Syracusecards
DA's pass went that way
- Joined
- Oct 27, 2004
- Posts
- 4,364
- Reaction score
- 4,590
The idea of a misunderstood athlete is a bit overused these days. Barry Bonds is misunderstood. Kobe Bryant is misunderstood. Ron Artest is misunderstood. Randy Moss is misunderstood. Terrell Owens is misunderstood.
You get the picture.
But in a world in which just about every brooding athlete believes he is truly misunderstood, there is at least one who doesn’t believe he is misunderstood. He just thinks people don’t want to understand him.
“There is kind of an age-old saying that has been said about me, and I’ve kind of come to accept it to be true,” Buccaneers DE Simeon Rice says. “For those that understand, there’s no explanation necessary. For those that don’t, no explanation will do.”
Nonetheless, Rice does his best to give people a glimpse into his world in his new book, “Rush to Judgment,” written with Mark Stewart and published by The Lyons Press. Since his college days, Rice has been seen as someone who marched to the beat of a different drummer. He made his own way, and he does his best in his book to explain why he lives his life as he does.
Mind you, he doesn’t try to convert anybody over to his way of thinking, even though he can’t understand why everyone doesn’t think like him. Instead, he decided to write the book to serve a higher purpose than just explaining himself to a world that wants everyone to fit into a certain category.
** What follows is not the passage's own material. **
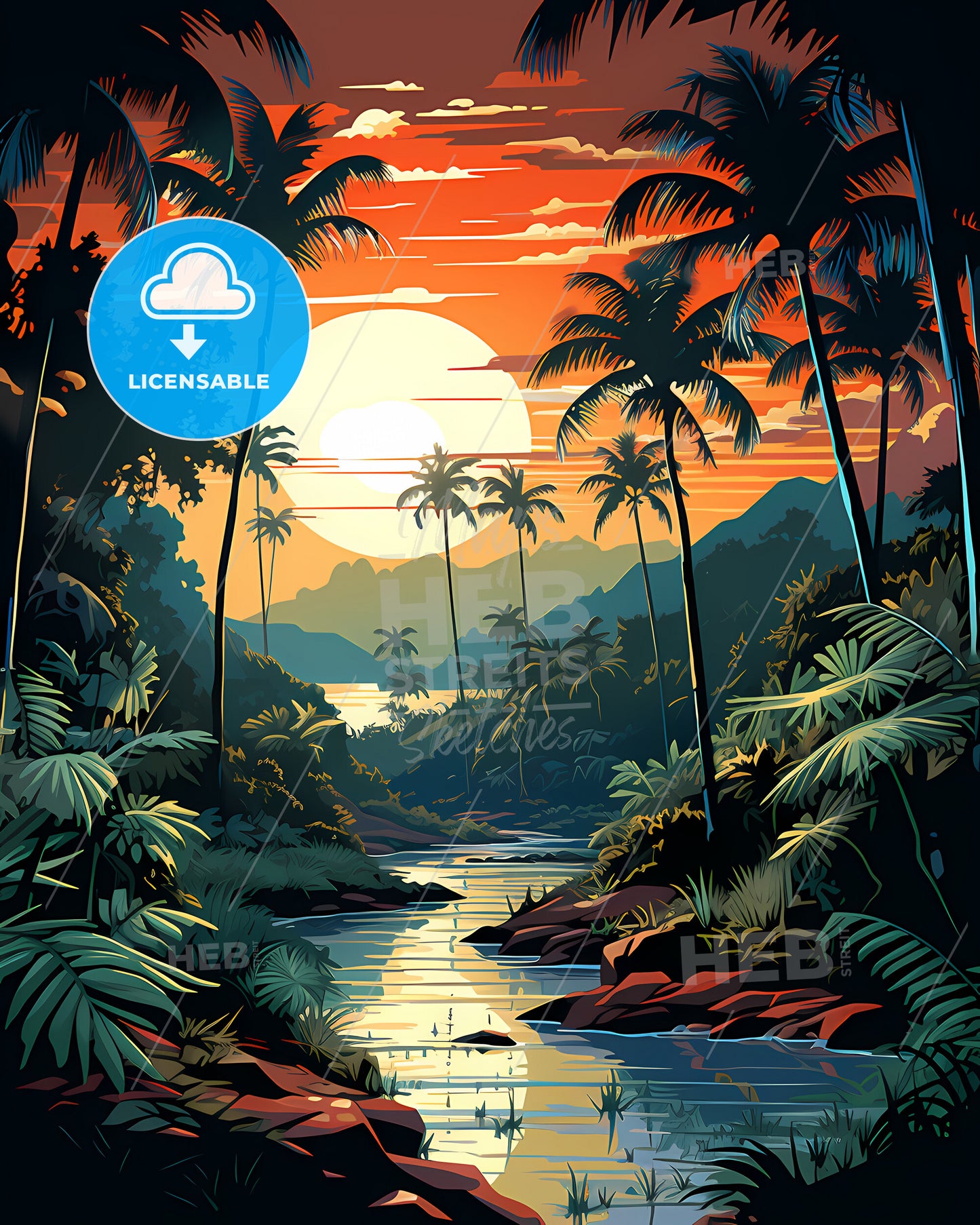 Mission Viejo, California, a river with palm trees and mountains in the background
“More than anything, it’s a guide for any young kid who is going to go to college and have dreams of playing in the NFL,” Rice says. “It’s kind of a guideline or a script that this will follow if you take these routes and this is how you will be interpreted in certain lights. What will maintain you and what will deliver you from all the adversities that will come toward you is your state of mind and your state of purpose and the way that you are. That’s the realness. Oftentimes you can be in the NFL, and because we always kind of categorize or are quick to set standards, (the media) kind of write our stories for us … and you can begin to believe these things that are being said about you. You can think you’re better than you are, worse than you are. So what I did was try to bring it to a head about what you should maintain and what you should believe about yourself.”
Being yourself is a big theme when it comes to Simeon. He has no use for political correctness, and he is willing to put himself in front of the firing line if he believes that what he is saying is right. Controversy has followed him his entire career, but for Rice, he doesn’t believe that he is controversial at all. He simply says what he believes, and somehow, some way, that is a problem for others.
For instance, in the book Rice details the circumstances surrounding his comments that the late Pat Tillman, a former teammate of Rice’s in Arizona, may have seen “too many Rambo movies” and enlisted in the Army after 9/11 because he wasn’t a very good football player. The comments, made on Jim Rome’s radio show, were widely criticized at the time and especially following Tillman’s death. But for Rice, he never believed he had said anything disparaging because he didn’t have any problem with Tillman’s decision. He wasn’t trying to criticize or make fun of Tillman.
“Back then when they asked me, Pat was alive,” Rice says. “Pat was a teammate of mine. When I went into Jim Rome’s studios, he was like, ‘Why would somebody join the military?’ And I was like, ‘I don’t know. Rambo movies?’ I was joking. You see what I’m saying. Now it’s like, ‘Simeon, can’t you take that back?’ It’s the truth. I can’t even take that back because it wasn’t meant to be malicious. I was just joking. Then the interview goes (on the air), and it was funny how people reacted. They were like, ‘I hate you, (N-word).’ ‘You’re a big-mouth (N-word).’ And I was like, ‘Wow.’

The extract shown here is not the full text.